Task objective:
Exactly the lines from the one with "de fotos, imagens" through the end of the data below must be set down, and no pictures with them.

Dataset entries
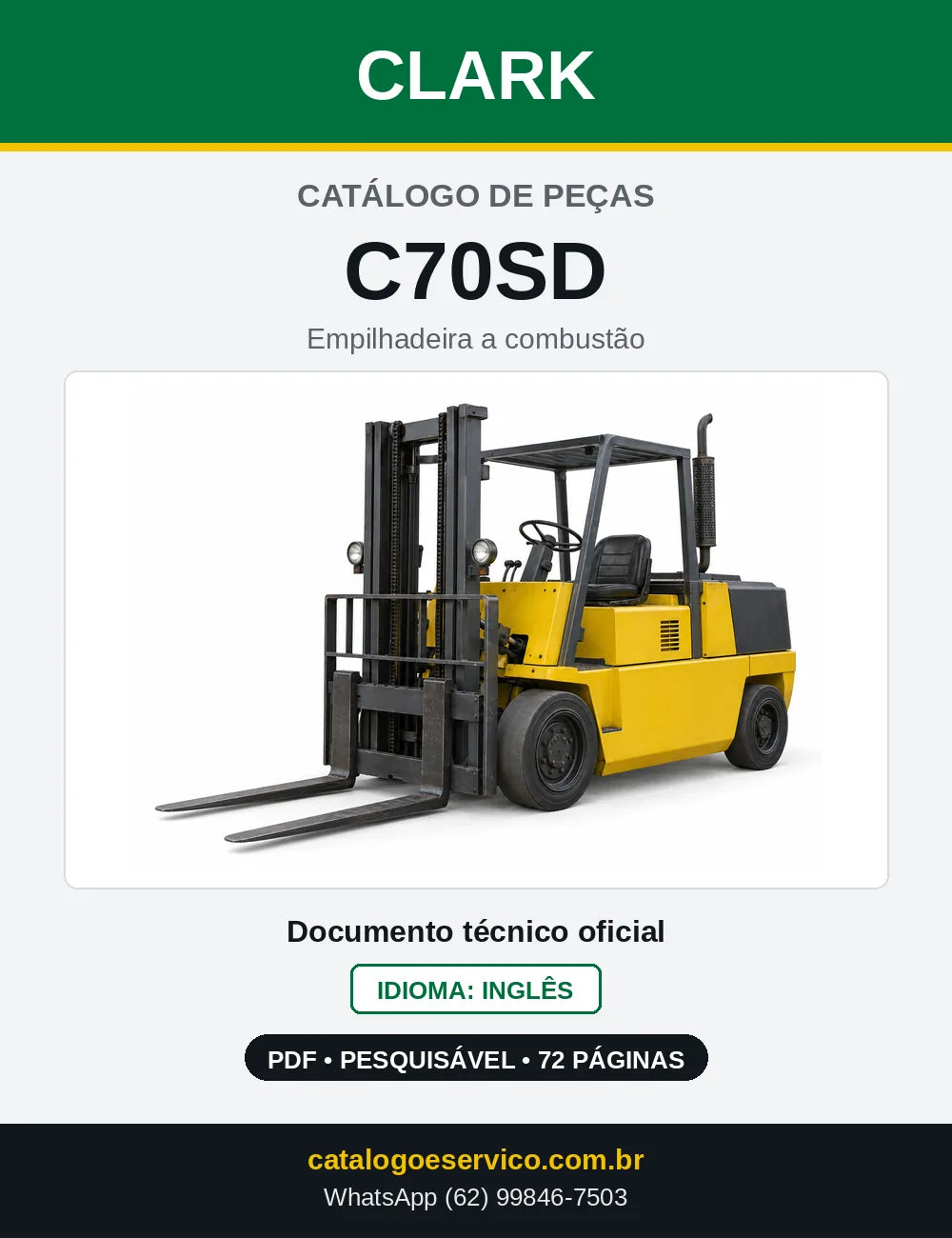Catálogo de Peças Empilhadeira Diesel Clark C70SD (C0070SD) — capa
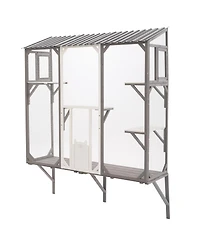Zeus & Ruta Outdoor Cat Catio Enclosure Patio House With Platforms For 1-3 Cats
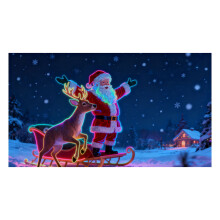 Décoration de porte de garage de Noël 16 x 7 pi activée par UV – Brille dans le noir avec le Père Noël et des rennes, décoration extérieure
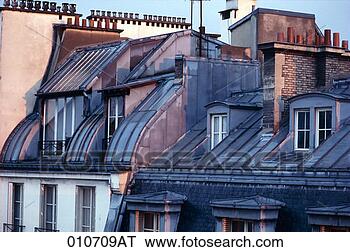 Banco de Imagem - hotel,  telhados, 
 paris,  frança. 
fotosearch - busca 
de fotos, imagens 
e clipart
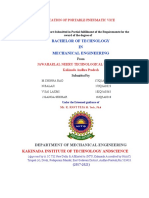 Bachelor of Technology IN Mechanical Engineering: Fabrication of Portable Pneumatic Vice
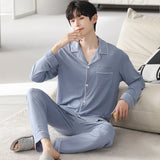 Triogift  Autumn Pajamas Sets Men Long Sleeve Modal Cotton Thin Teenage Boys' Large Size Spring Outwear Home Cloth Suit Sleepwear Male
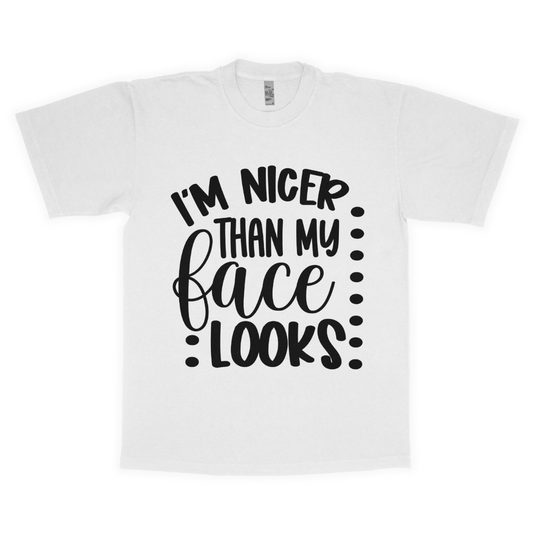 I'm nicer than my face looks adult t-shirt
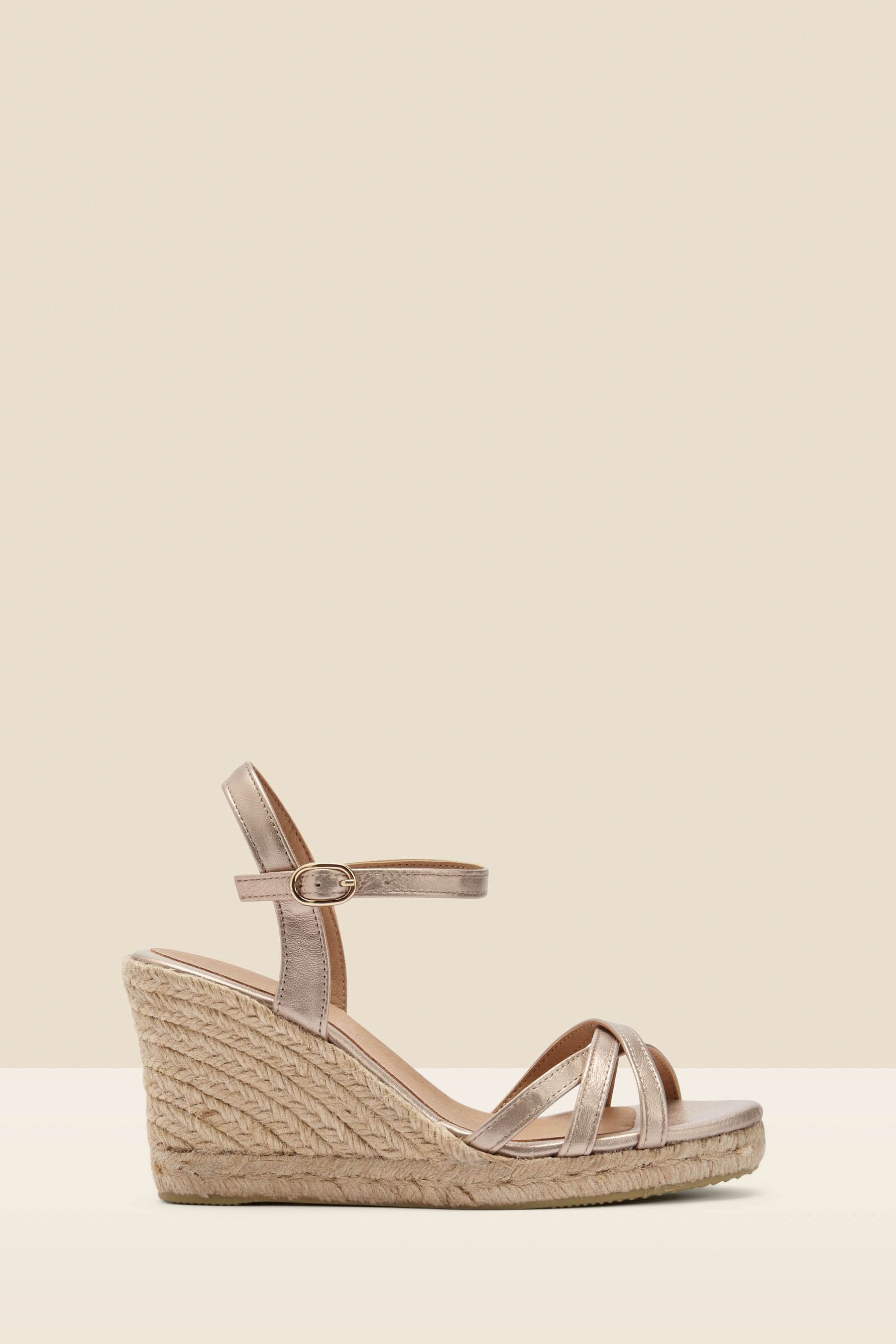 Sosandar Silver Strappy Leather Wedge Espadrilles
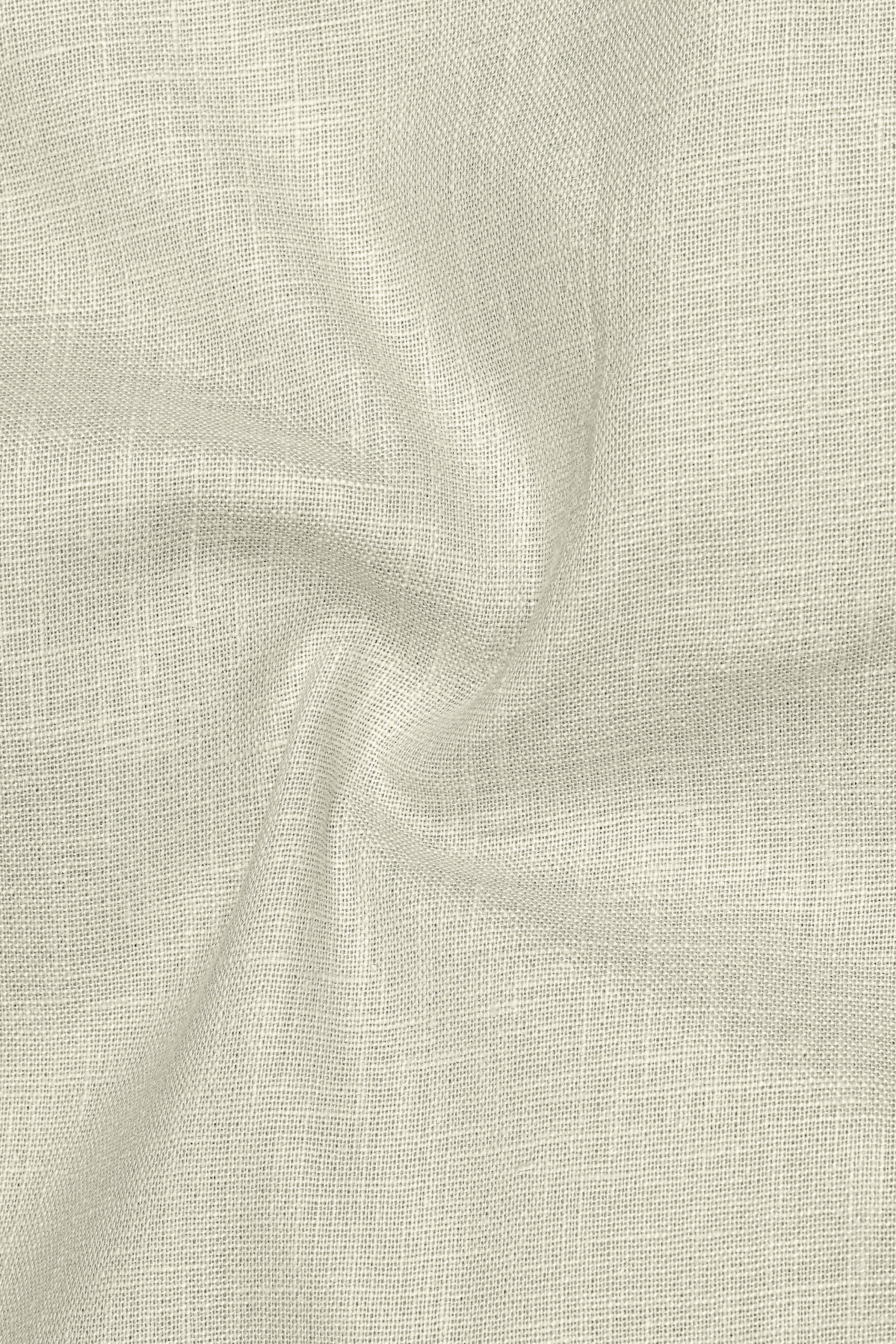 Olivon-Coriander Cream Luxurious Linen Mandarin Dress Shirt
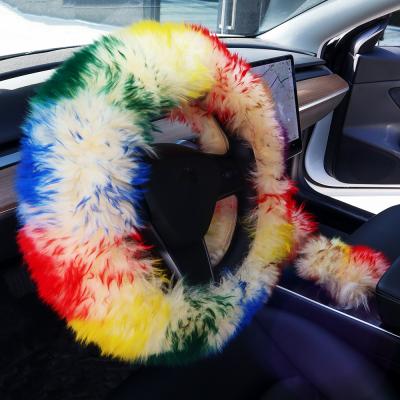 China Multi Color Comfortable Girly Fluffy Car Fuzzy Real Fur Automotive Furry Hubcap Steering Set For Women for sale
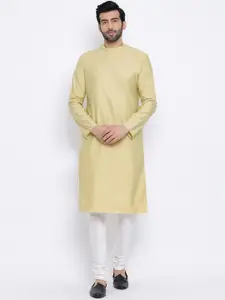 NAMASKAR Men Green Solid Silk Angarakha Kurta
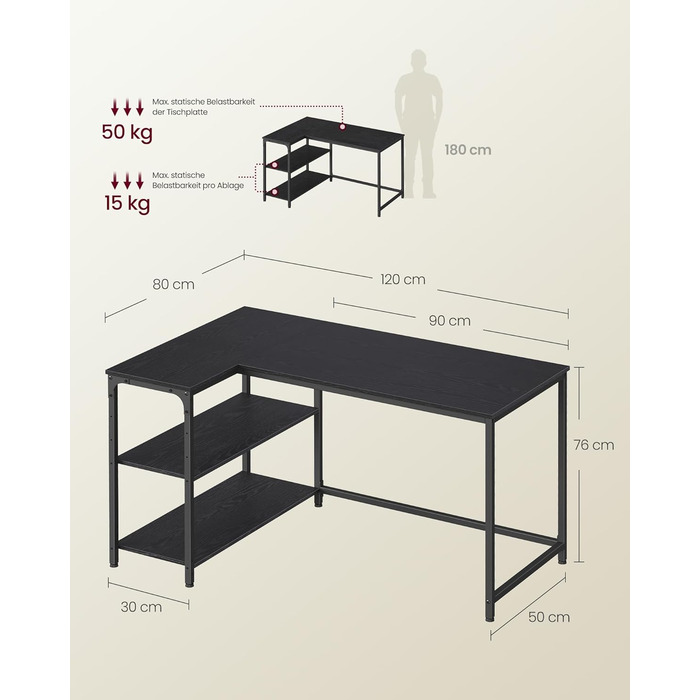 Кутовий стіл VASAGLE L-подібний з полицею, комп'ютерний стіл з місцем для зберігання, офісний стіл для дому, 120 x 80 см, Чорний горіх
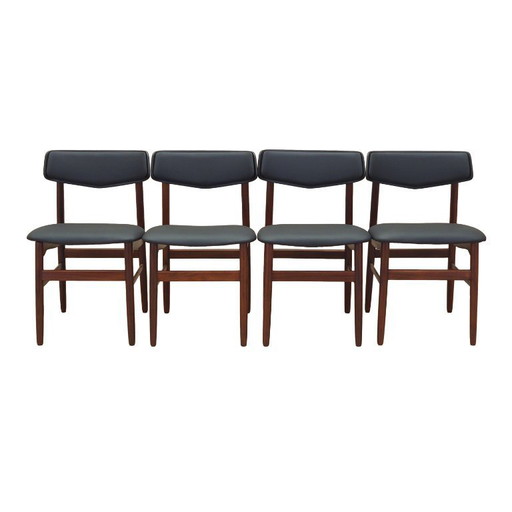 Satz von vier Teakholzstühlen, dänisches Design, 1960er Jahre, Produktion: Dänemark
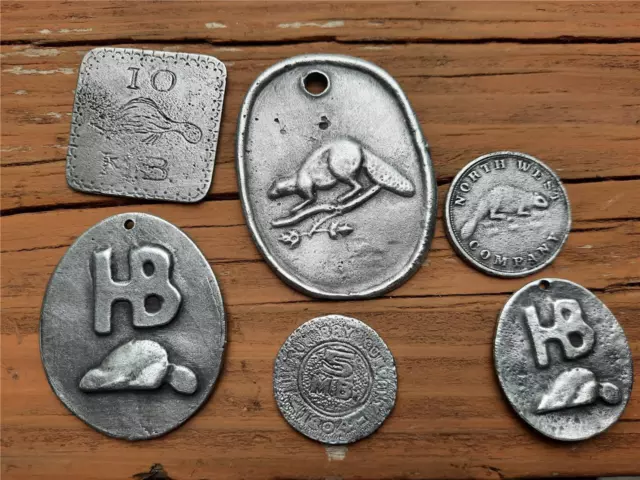 Lot Of Canada Hudson Bay Pendants 5 & 10 Mb Made Beaver Coins Fur Trade Token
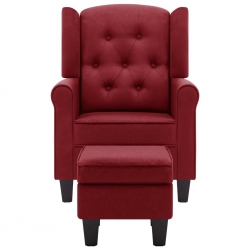 Fotel z podnóżkiem, winna czerwień, tapicerowany tkaniną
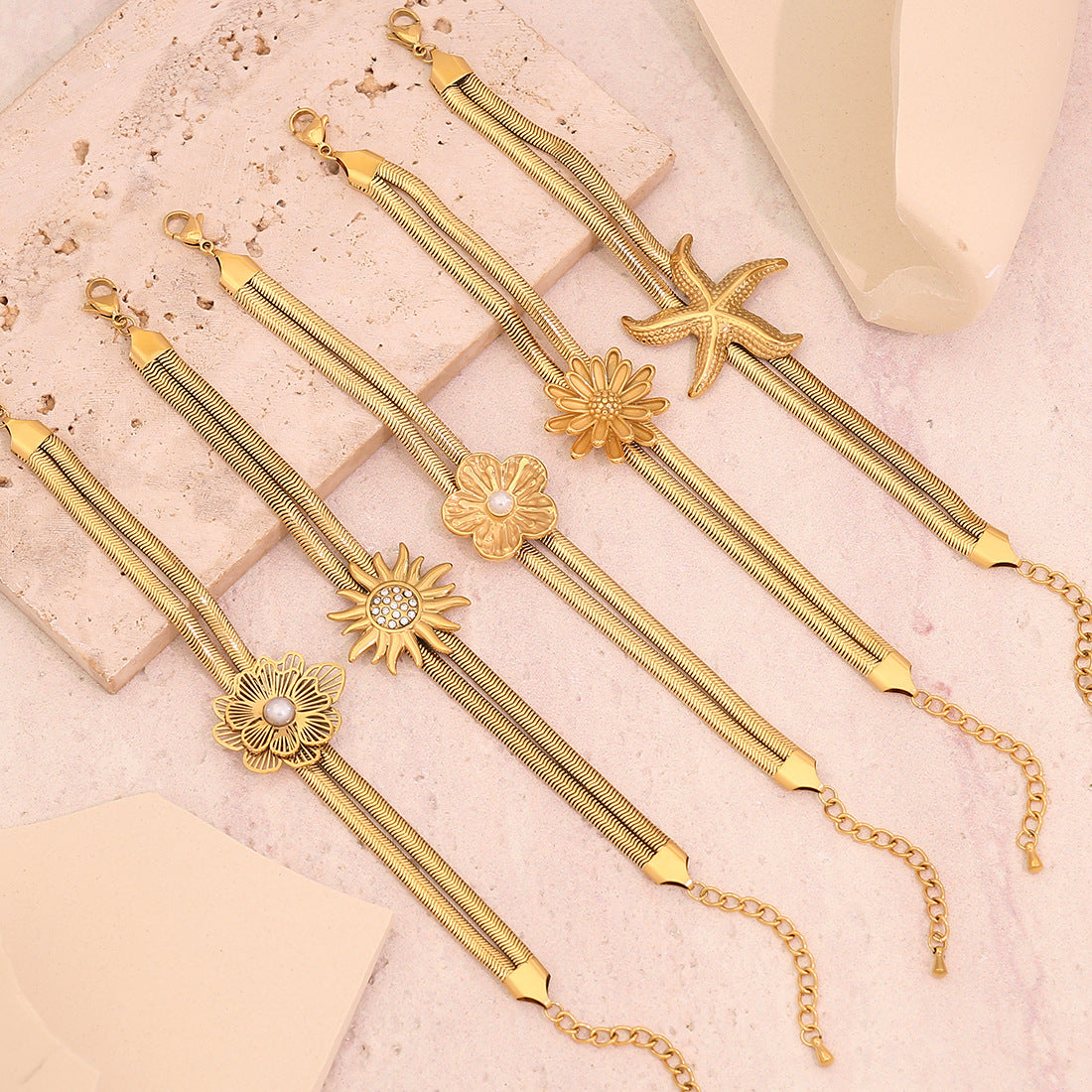 Fashion Flower Bracelet Personality Knot Design Double Layer Snake Bone Chain Titanium Steel Jewelry B621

Finished exercise:
de fotos, imagens 
e clipart
 Bachelor of Technology IN Mechanical Engineering: Fabrication of Portable Pneumatic Vice
 Triogift  Autumn Pajamas Sets Men Long Sleeve Modal Cotton Thin Teenage Boys' Large Size Spring Outwear Home Cloth Suit Sleepwear Male
 I'm nicer than my face looks adult t-shirt
 Sosandar Silver Strappy Leather Wedge Espadrilles
 Olivon-Coriander Cream Luxurious Linen Mandarin Dress Shirt
 China Multi Color Comfortable Girly Fluffy Car Fuzzy Real Fur Automotive Furry Hubcap Steering Set For Women for sale
 NAMASKAR Men Green Solid Silk Angarakha Kurta
 Кутовий стіл VASAGLE L-подібний з полицею, комп'ютерний стіл з місцем для зберігання, офісний стіл для дому, 120 x 80 см, Чорний горіх
 Satz von vier Teakholzstühlen, dänisches Design, 1960er Jahre, Produktion: Dänemark
 Lot Of Canada Hudson Bay Pendants 5 & 10 Mb Made Beaver Coins Fur Trade Token
 Fotel z podnóżkiem, winna czerwień, tapicerowany tkaniną
 Fashion Flower Bracelet Personality Knot Design Double Layer Snake Bone Chain Titanium Steel Jewelry B621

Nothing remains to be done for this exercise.